Après la lecture de l’arrêt de renvoi, le président de la Chambre criminelle demande aux trois mis en cause s’ils reconnaissent les faits qui leur sont reprochés. Et chacun d’entre eux de répondre par la négative. Moumouni Boureima et Saidou Tahirou Mayaki auraient appelé les Nigériens à défendre leur vote. Quant à Djibril Baré, sur la base de vrais résultats de la présidentielle, il aurait écrit à Mahamane Ousmane pour lui demander de prendre ses responsabilités. Alors que la Chambre s’apprêtait à passer à l’étude de personnalité des deux accusés et du prévenu, la défense de Moumouni Boureima et celle de Saidou Tahirou Mayaki soulèvent une exception d’inconstitutionnalité. Selon les robes noires, la loi sur la Chambre criminelle ne serait pas conforme à la Constitution. Aussi, elles ont demandé un sursis à statuer jusqu’à ce que la Cour constitutionnelle se prononce. Il n’existerait pas de possibilité d’un second degré de juridiction des décisions de la Chambre criminelle. Par ailleurs, en matière criminelle, le travail d’un juge d’instruction doit être envoyé devant la chambre de contrôle de l’instruction. Ce qui ne serait pas le cas dans ce dossier, disent les avocats.

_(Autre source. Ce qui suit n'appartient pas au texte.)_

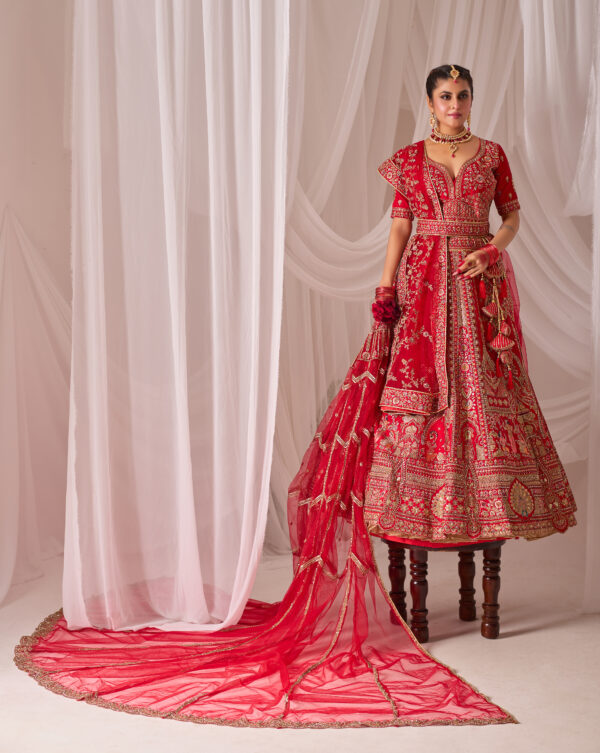 Traditional Red Embroidered Bridal Lehenga - Image 4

Le parquet ne s’oppose pas à cette demande d’exception d’inconstitutionnalité, mais demande néanmoins à la Chambre criminelle de décerner une ordonnance de prise de corps contre Moumouni Boureima et Saidou Tahirou, c’est-à-dire de les renvoyer en prison en attendant que la requête de leur défense soit examinée et tranchée. A 11 h 15 mn, le président de la Chambre criminelle suspend l’audience pour délibérer. Une trentaine de minutes plus tard, il annonce un sursis à statuer et le rejet de la demande d’une ordonnance de prise de corps. « Toute personne partie à un procès peut soulever l’inconstitutionnalité d’une loi devant toute juridiction, par voie d’exception. Celle-ci doit surseoir à statuer jusqu’à la décision de la Cour constitutionnelle, qui doit intervenir dans un délai de trente (30) jours. Une disposition déclarée inconstitutionnelle est caduque de plein droit… », dit l’article 132 de la Constitution.